Lui, dans la cuisine, après seulement quelques heures de sommeil, était frais et fringant alors que la jeune femme semblait avoir passé la nuit sur la corde à linge.

La jeune femme se laissa tomber lourdement sur la chaise et prit la tasse de café qu’il lui tendait.

— Bonjour ma chérie. Tu as une sale tête ce matin ! observa-t-il.

Elle but une gorgée du breuvage brûlant et lui décrocha une grimace en coin.

— Merci mais si tu n'avais pas ronflé comme un sonneur de cloches, j'aurai pu dormir un peu ! répliqua-t-elle du tac au tac.

Passant dans son dos, Kévin se confondit en excuses, encerclant sa taille de ses bras.

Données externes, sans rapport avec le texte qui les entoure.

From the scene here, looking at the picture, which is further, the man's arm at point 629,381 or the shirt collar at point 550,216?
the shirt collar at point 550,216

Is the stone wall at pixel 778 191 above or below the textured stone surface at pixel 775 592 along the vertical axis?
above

— La prochaine fois que ça m'arrive, envoie-moi dormir sur le canapé.

Lola approuva de la tête. Elle ferma les yeux et s'abandonna un instant, la tête contre son torse. Elle respira profondément son eau de toilette, mélange subtil et délicat de musc boisé. Elle était si lasse qu'elle aurait pu se rendormir sur le champ, lovée ainsi contre lui. Mais Kévin était déjà en retard pour son travail, comme tous les matins. Il lui releva le menton de son index et lui déposa un léger baiser sur les lèvres avant d'attraper sa veste sur le rebord de la chaise. Il lui souhaita une bonne journée et referma la porte sur lui.

Lola traîna ses pieds jusqu'à la salle de bain. Les jets d'eau concentrés de la douche massèrent et frictionnèrent sa peau endormie avec délice. Elle termina en tournant le thermostat sur « froid » pour un effet revigorant. Elle se sentait déjà mieux.

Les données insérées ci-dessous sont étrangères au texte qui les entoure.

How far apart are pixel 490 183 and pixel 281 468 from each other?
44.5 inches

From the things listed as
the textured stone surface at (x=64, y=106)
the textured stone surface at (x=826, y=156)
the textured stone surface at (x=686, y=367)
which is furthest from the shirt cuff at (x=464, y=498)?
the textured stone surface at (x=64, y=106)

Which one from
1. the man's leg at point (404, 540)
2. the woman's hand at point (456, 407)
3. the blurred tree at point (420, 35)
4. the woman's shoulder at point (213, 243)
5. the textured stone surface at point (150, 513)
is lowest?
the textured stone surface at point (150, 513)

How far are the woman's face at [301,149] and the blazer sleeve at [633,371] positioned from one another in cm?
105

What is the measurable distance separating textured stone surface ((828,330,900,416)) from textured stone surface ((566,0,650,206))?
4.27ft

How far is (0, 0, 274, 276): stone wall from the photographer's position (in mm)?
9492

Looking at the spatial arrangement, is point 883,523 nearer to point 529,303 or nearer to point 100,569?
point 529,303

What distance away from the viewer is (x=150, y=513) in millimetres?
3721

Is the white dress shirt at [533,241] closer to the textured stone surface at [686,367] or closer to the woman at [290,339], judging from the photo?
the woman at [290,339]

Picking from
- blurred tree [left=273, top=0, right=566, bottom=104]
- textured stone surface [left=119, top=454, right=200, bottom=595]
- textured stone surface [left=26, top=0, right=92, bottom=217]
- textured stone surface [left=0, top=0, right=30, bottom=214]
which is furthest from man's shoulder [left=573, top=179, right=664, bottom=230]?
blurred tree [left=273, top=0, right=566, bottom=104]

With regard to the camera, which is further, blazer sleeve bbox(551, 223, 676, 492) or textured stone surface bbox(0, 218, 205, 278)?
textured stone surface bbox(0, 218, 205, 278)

Regardant son reflet dans le miroir, elle dut bien admettre que Kévin avait raison : elle avait vraiment une sale tête ! Elle dissimula habilement ses cernes sous un maquillage sophistiqué. À part du repos, c'était vraiment tout ce qu'elle pouvait faire. Elle n'était pas une magicienne !

— Il va falloir que j'aille chez le médecin pour qu'il me prescrive un traitement vitaminé, songea-t-elle à voix haute. Jamais je ne me suis sentie si fatiguée.

*****

La journée fut longue et éprouvante. Ses collègues, Fanny et Sylvia ainsi que Monsieur Meyer lui demandèrent à plusieurs reprises si elle allait bien, tant elle était pâle.

— Je manque juste de sommeil, les rassura Lola. Je vous promets de me reposer, ce week-end.

La jeune femme accueillit avec soulagement la fin de la journée. Sur le point de partir, son responsable la fixa un instant, en fronçant les sourcils.

Lola lui serra la main, évitant de croiser son regard.

— À mardi Monsieur. Bon week-end !

— Prenez soin de vous Lola, répondit-il d'une voix paternelle. Bon week-end !

Refermant la porte sur elle, il la regarda s'éloigner.

Sentant l'intensité de ses yeux posés sur sa nuque, la jeune femme ne put s'empêcher de se retourner. Un large sourire aux lèvres, Monsieur Meyer lui adressa un petit signe amical de la main. Lola lui rendit la pareille.

Se peut-il que la jalousie de Kévin soit avérée ? se demanda-t-elle troublée. À bien y réfléchir, elle trouva cette pensée saugrenue et la chassa de son esprit.

*****

À peine eut-elle tourné la clé dans la serrure de l'appartement que son téléphone émit un bip.

C'était Kévin ! Elle lut le message.

« Je ne serai pas à la maison avant vingt et une heures. Réunion de dernière minute. Désolé ! Je t’embrasse. Je t’aime. »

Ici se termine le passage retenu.